*WHAT YOU HAVE TO DO:* Exact copy, pictures excluded: output the lines from the opening of the entries through the line bearing "Stylized vector line".

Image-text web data
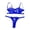 Blue, variant on Women Lace Lingerie Set Push Up Bra Thong Solid Color Comfortable Sheer Daily Wear Deep V Adjustable Straps Sleeping Daily Wear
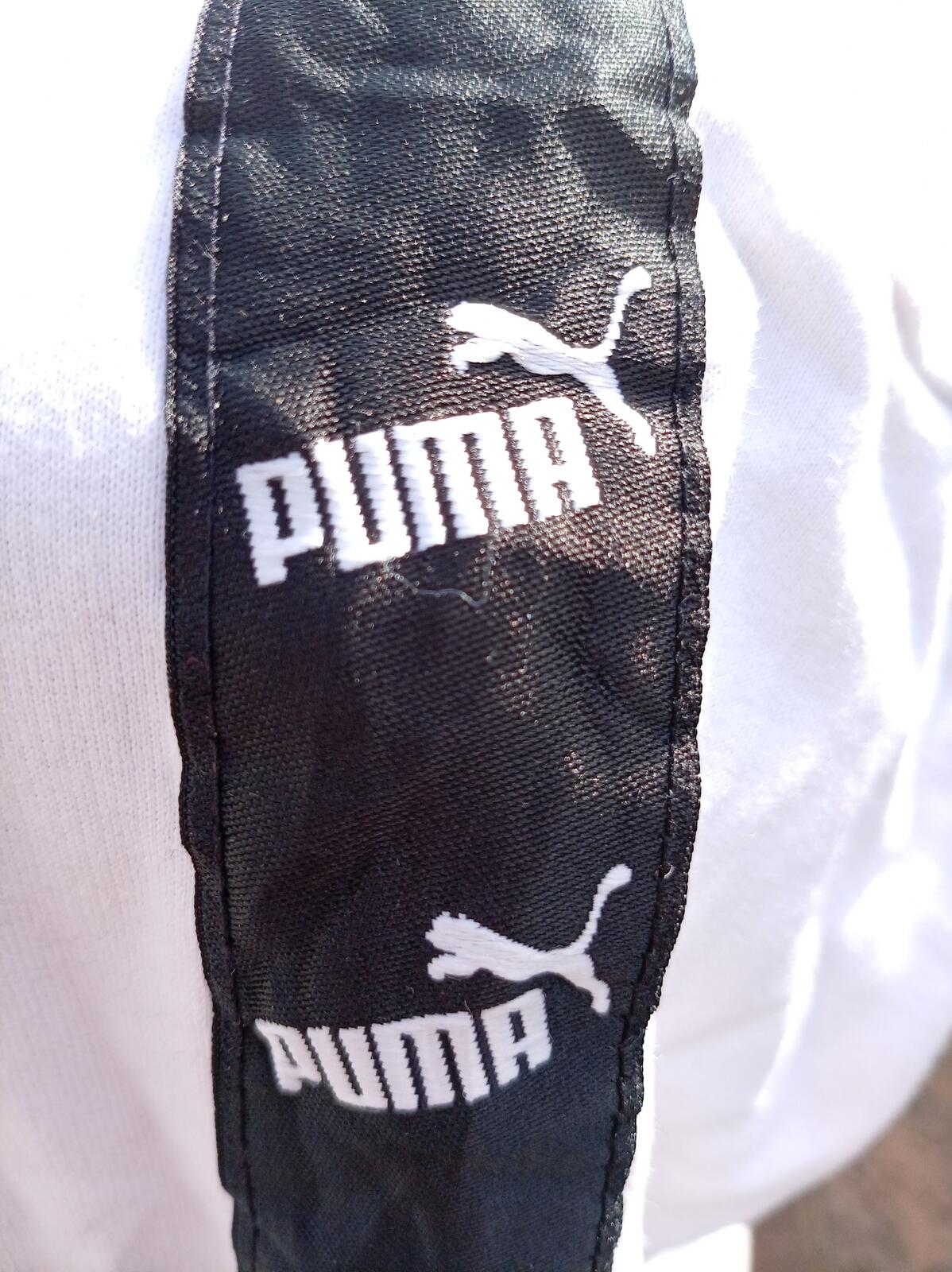 Puma Track Jacket Womens Small White Full Zip Bomber Sweatshirt Logo Tape Sleeve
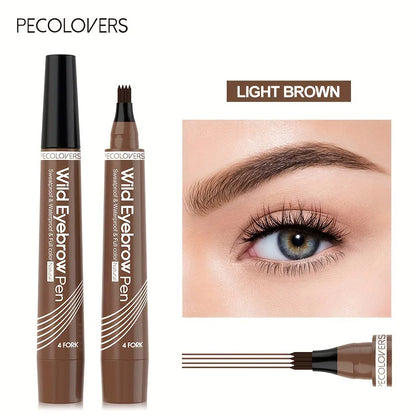 6 Colors 1pc Eyebrow Pen Waterproof 4 Split Tip Eyebrows Pen Eyebrow Tattoo Pen Waterproof Liquid Black Eyebrow Makeup Pencil - Shello's Creative Boutique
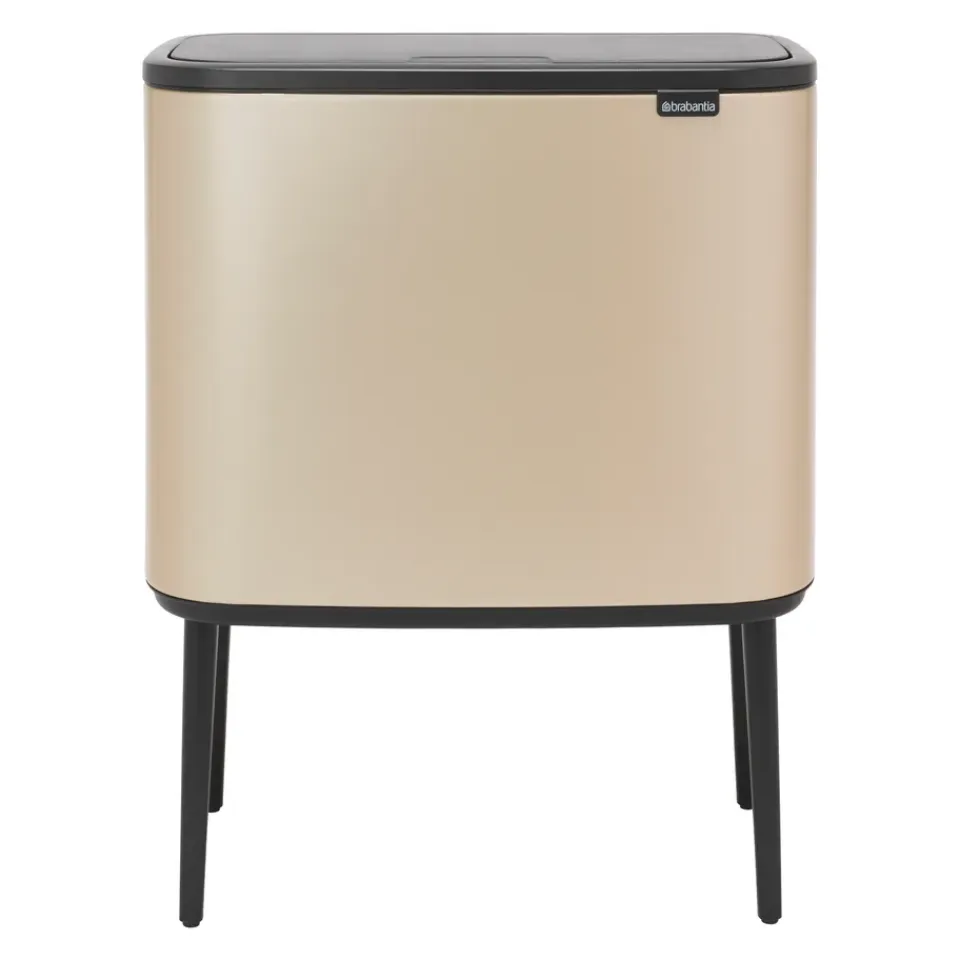 Best Brabantia Bo Touch Bin 11+23 L, Metallic Gold BeigeNegro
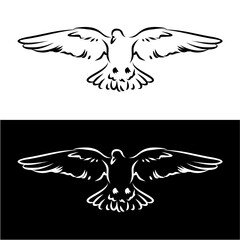 Stylized vector line art of a flying dove with spread wings, a graceful symbol of peace, hope, and freedom in black and white illustration set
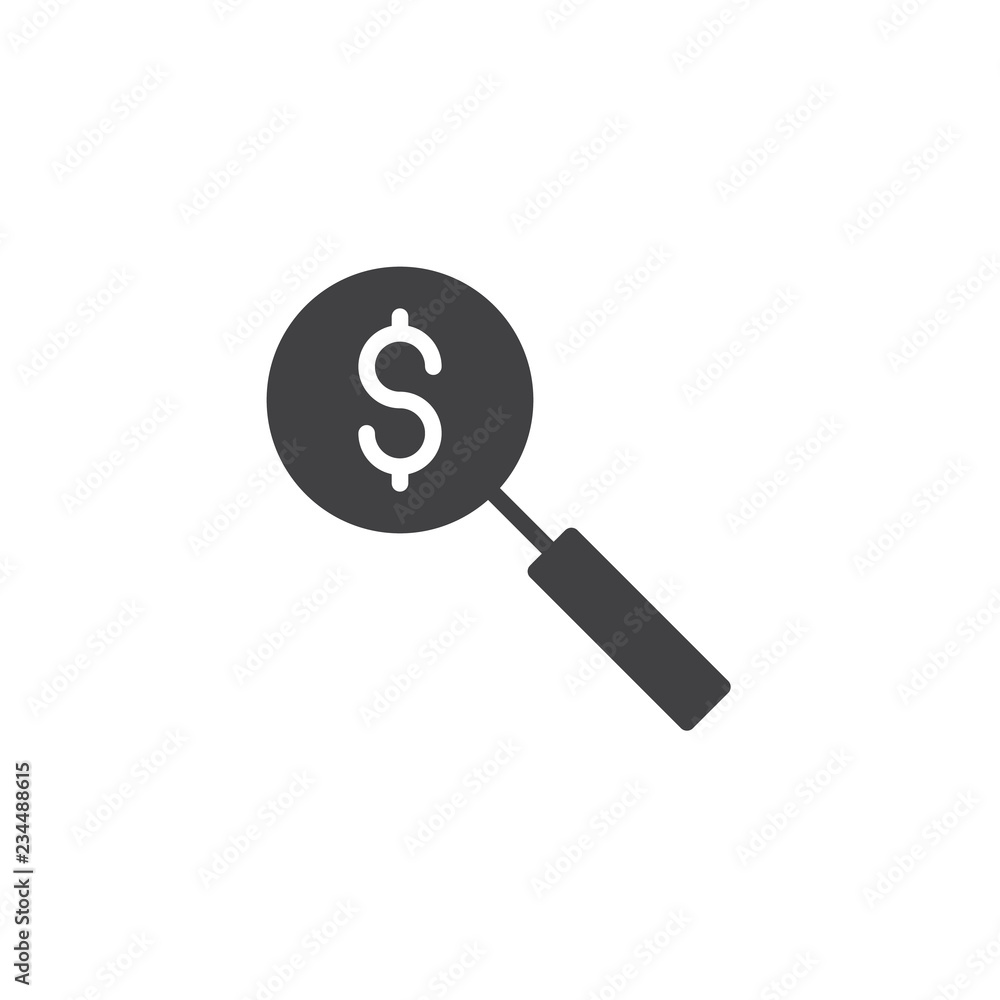 Money search vector icon. filled flat sign for mobile concept and web design. Magnifier and dollar simple solid icon. Symbol, logo illustration. Pixel perfect vector graphics Money search vector icon. filled flat sign for mobile concept and web design. Magnifier and dollar simple solid icon. Symbol, logo illustration. Pixel perfect vector graphics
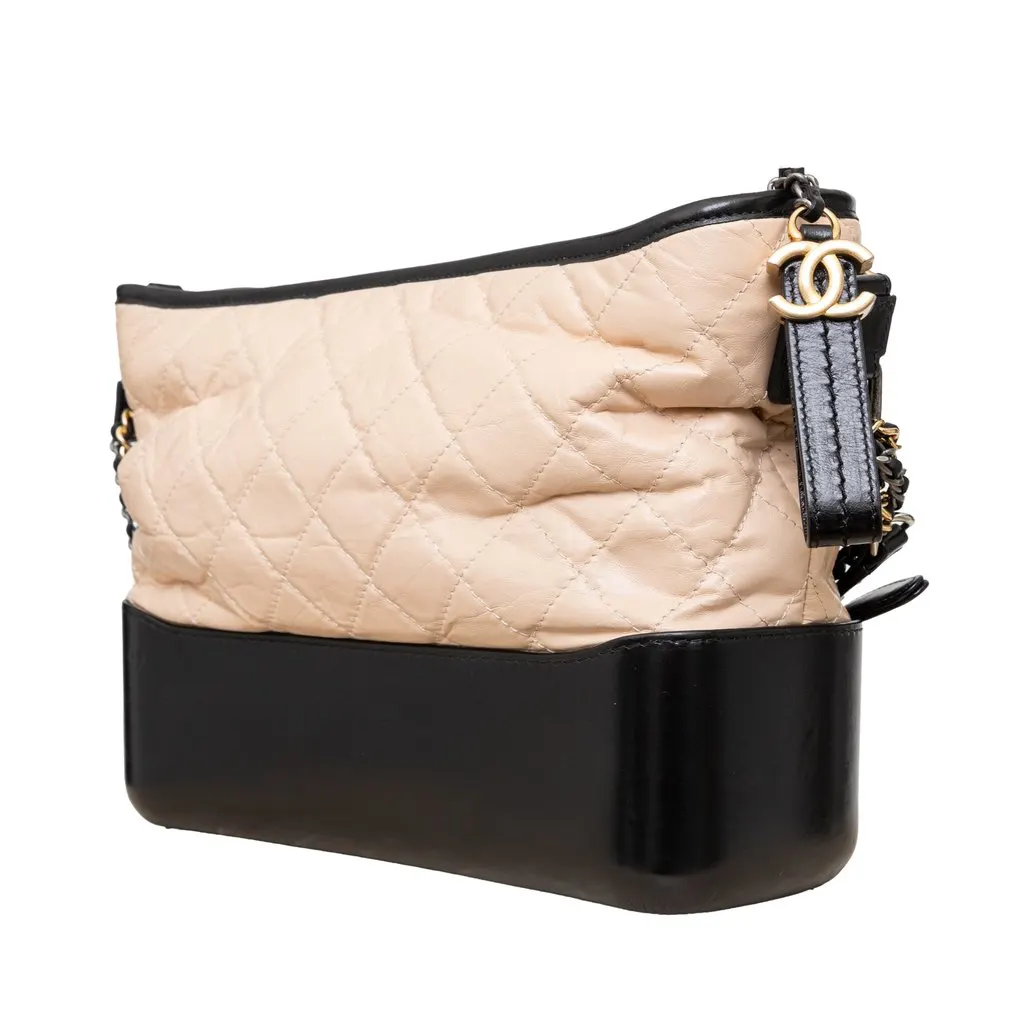 Chanel Quilted Large Gabrielle Hobo Bag - '10s Black Leather Good - Inside View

*SOLUTION:*
 Blue, variant on Women Lace Lingerie Set Push Up Bra Thong Solid Color Comfortable Sheer Daily Wear Deep V Adjustable Straps Sleeping Daily Wear
 Puma Track Jacket Womens Small White Full Zip Bomber Sweatshirt Logo Tape Sleeve
 6 Colors 1pc Eyebrow Pen Waterproof 4 Split Tip Eyebrows Pen Eyebrow Tattoo Pen Waterproof Liquid Black Eyebrow Makeup Pencil - Shello's Creative Boutique
 Best Brabantia Bo Touch Bin 11+23 L, Metallic Gold BeigeNegro
 Stylized vector line art of a flying dove with spread wings, a graceful symbol of peace, hope, and freedom in black and white illustration set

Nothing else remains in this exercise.